Another example: An interviewer, “I think it was maybe a radio talk show, asked me about this phenomenon of the Americans as hustlers, and to apply it to our present day. And I said, ‘Well, look around you—politicians, businessmen, so-called radical leaders, they’re all hustlers!’ And the radio host said, ‘You mean someone like Donald Trump ?’ ” This was just after “Throes of Democracy” came out in 2008. “I said, ‘Absolutely, he’s the perfect example, no question about it.’ ”
The political successes of both Mr. Trump and his woke antagonists reflect a fracturing of what Mr. McDougall calls the “American civil religion.” The common understanding of the First Amendment’s Establishment and Free Exercise clauses is that they separate religious faith from political practice. “I argue exactly the opposite,” Mr. McDougall says. “What the First Amendment did was to establish a civil religion.” With sectarian faith officially a private affair, the nation needed a “spiritual force” to give government legitimacy. A lesson from history, Mr. McDougall says, is that “if you could enlist religion on behalf of your state, that is going to be a great source of power.”
America’s civil religion is a “shape-shifting faith” that articulates the nation’s core values. It survived schism in the 19th century over slavery and emerged more vigorous. Mr. McDougall traces a fundamental change to the Progressive Era, when Protestantism was “buffeted by the discoveries in the natural sciences, from Darwin to geology, archeology, paleontology,” the realization that “the world’s much older than the Bible claims, and all the rest.” Protestants “rejustified their faith . . . on the basis not so much of the inerrancy of the Bible but on the social mission that Protestant Christian churches ought to promote.”

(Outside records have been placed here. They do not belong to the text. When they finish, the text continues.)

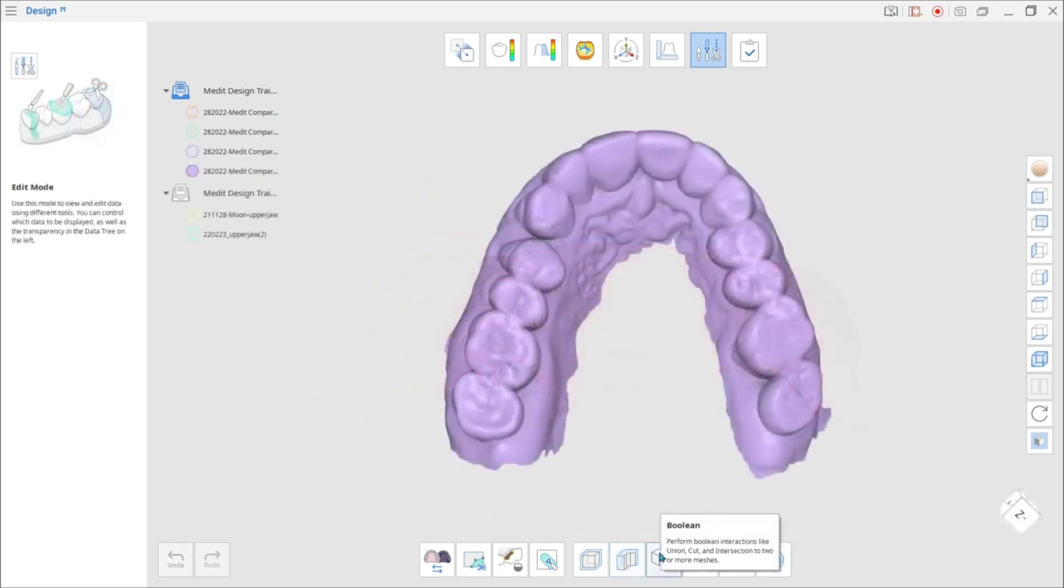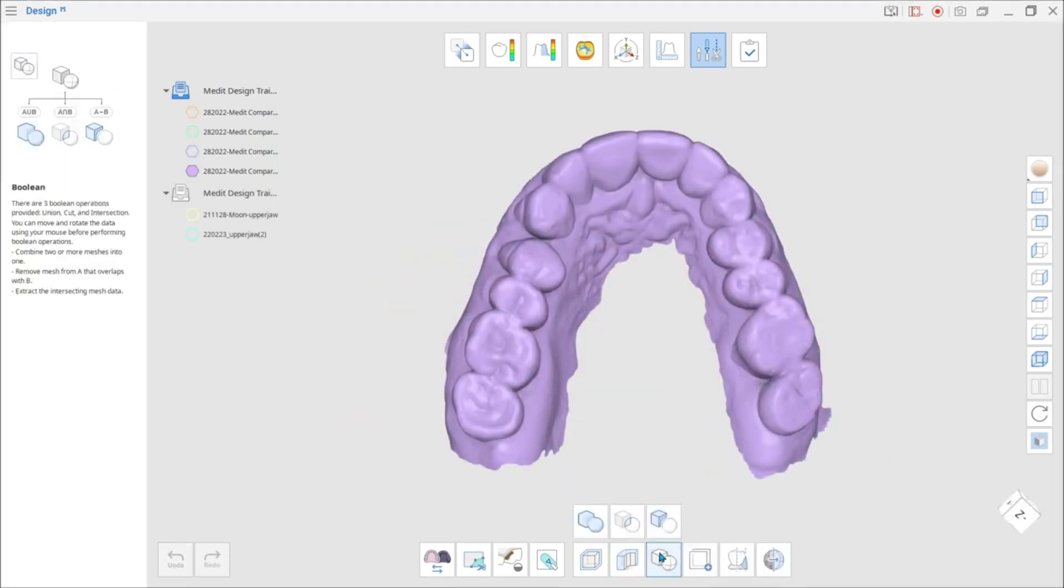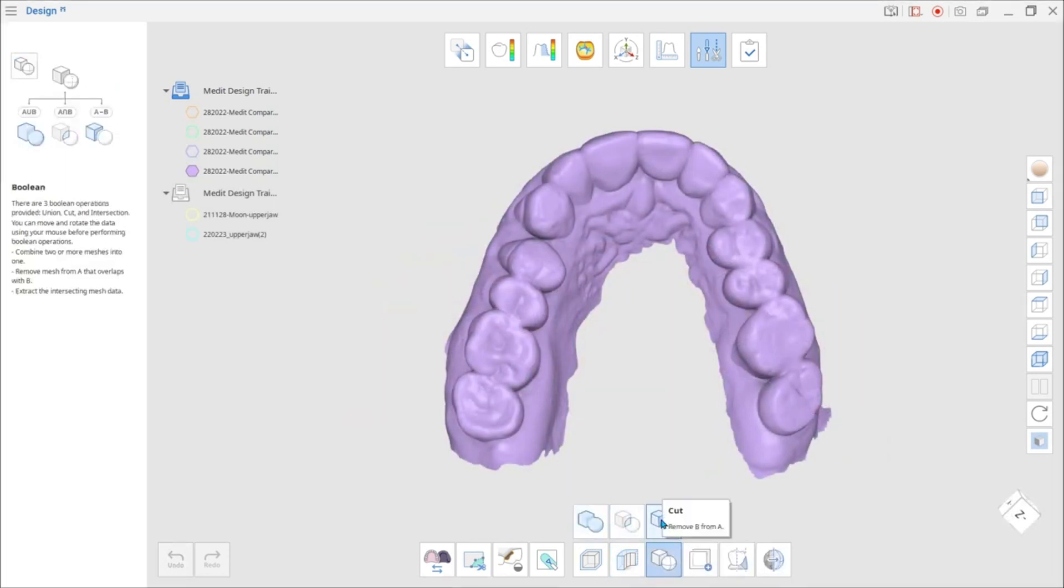Next, we will talk about the Boolean feature. With this tool, you can combine, remove, or extract the intersecting mesh data.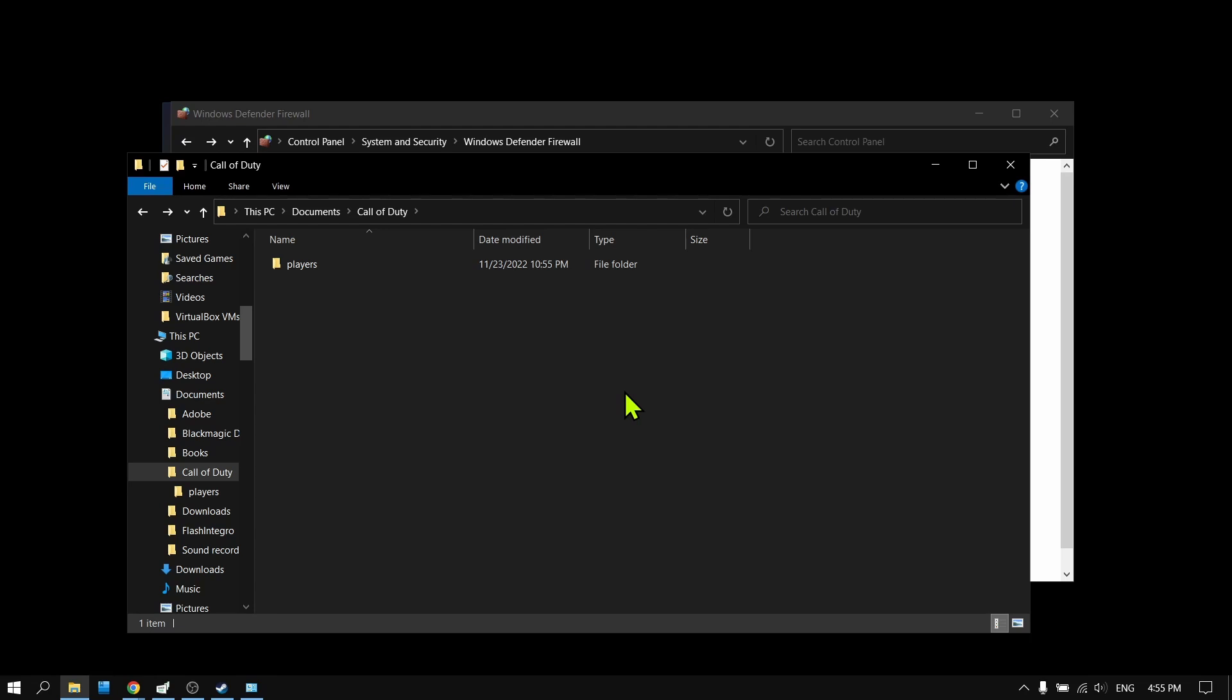The reason is this will delete different configurations and settings and hopefully will fix the issue. When you start the game again, this will create new files with your profile and I hope this will fix the issue.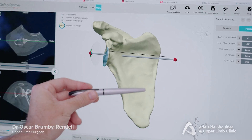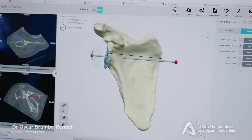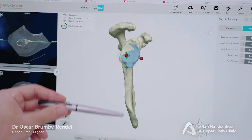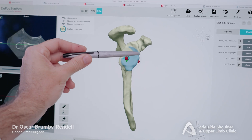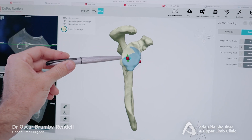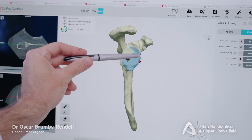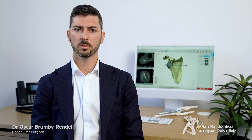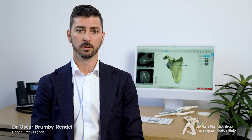Here you can see the view of a scapula, or shoulder blade. The scapula socket, called the glenoid, is a small area of bone, so getting the components in the right spot is important.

President Trump identified the American civil religion “too closely with sectarianism, essentially with evangelical Christianity,” Mr. McDougall says. With wokeness, a different kind of progressive aspires to remake the American civil religion, a process that includes reinterpreting its scriptures and defrocking saints. But “heresies” in the civil religion don’t announce themselves. As Mr. McDougall explains, “you pick one or two pieces of doctrine out of your religion or out of your faith, and you try to build up a whole new worldview out of these pieces of doctrine—but you keep calling the religion by the same name.”

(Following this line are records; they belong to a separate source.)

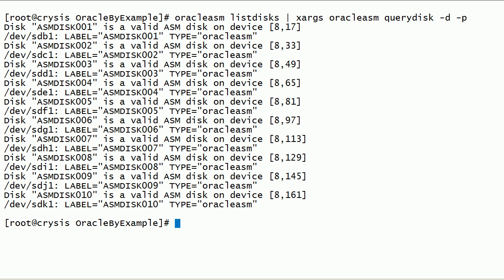In this session, we have looked at how to use Oracle ASM lib query disk command to get information about ASM disks.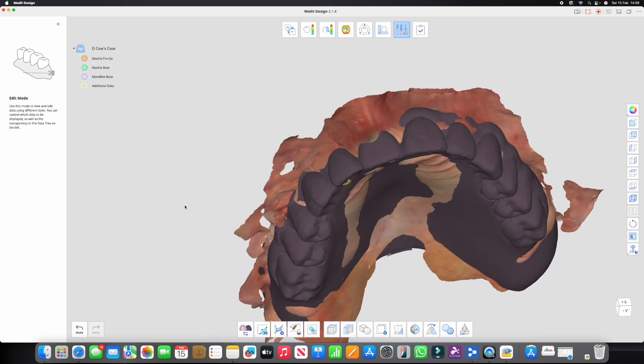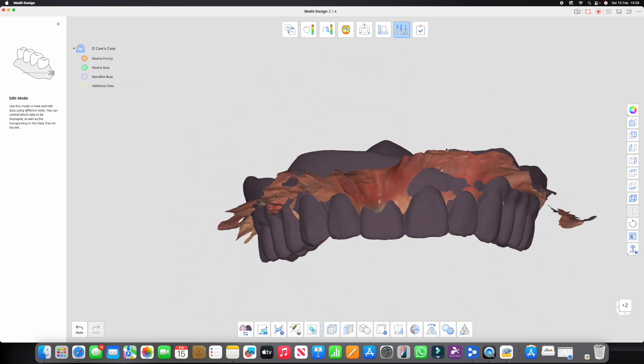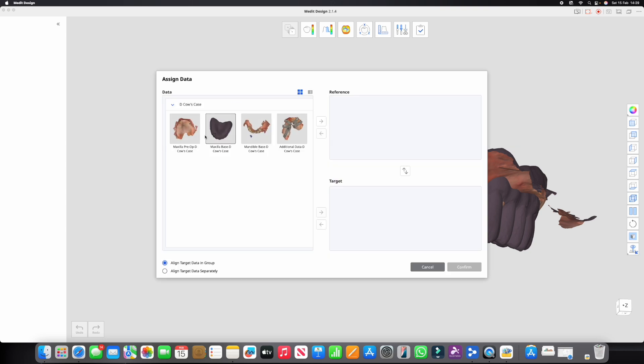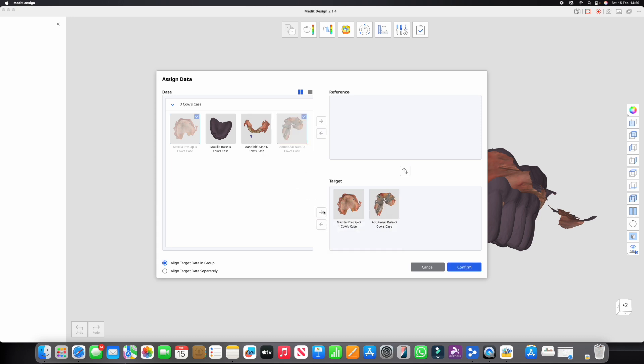So all we need to do is then go through into this little tool here, alignment mode. We're going to choose the target as those two scans because they're aligned, they can both go in here and they're going to move in the same way. We're going to choose this denture base as the reference that's going to stay static.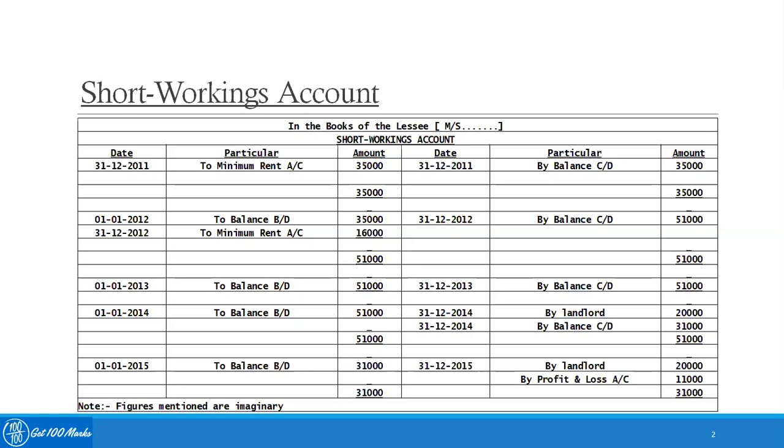In year 2013, there was no short workings generated. If you see, the debit balance of $51,000 and the credit balance of $51,000 is the same.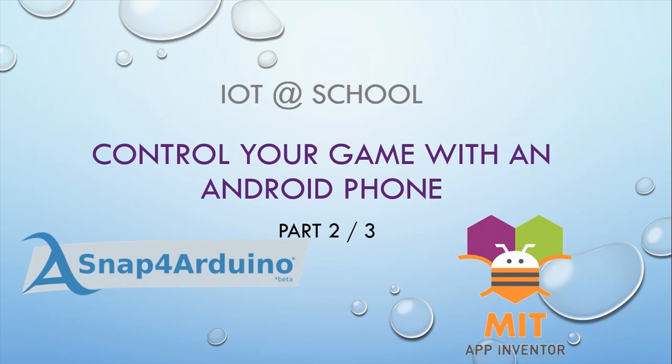Welcome to this lesson IoT at school. You will find the link of the lesson in the description below.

Thus the woke displacement of America’s liberal tradition can take place insidiously, with institutions barely realizing how far and how fast they are abandoning its tenets. Emphasize selective episodes in American history, decontextualize or distort others, and the founding principles can be made to look like a lie. Mr. McDougall associates himself with an observation from the late political scientist Samuel Huntington, who wrote that “America is not a lie; it is a disappointment. But it can be a disappointment only because it is also a hope.” He notes that the “civil-religious volume in the presidential inaugurals has been getting louder and louder,” though no 21st-century president has been able to marshal a durable majority behind his interpretation of the faith.
Is there hope for a restoration of consensus? Mr. McDougall believes the U.S. is in a “long cusp, in which Americans are very confused about what their national destiny is.” Yet “the hustling nature of Americans, that is really bred in the bone going all the way back to colonial times,” has always “mitigated somewhat their high principles.” Perhaps the same churn of creative self-interest is also what has enabled those principles to endure.Mr. Willick is a Wall Street Journal editorial page writer.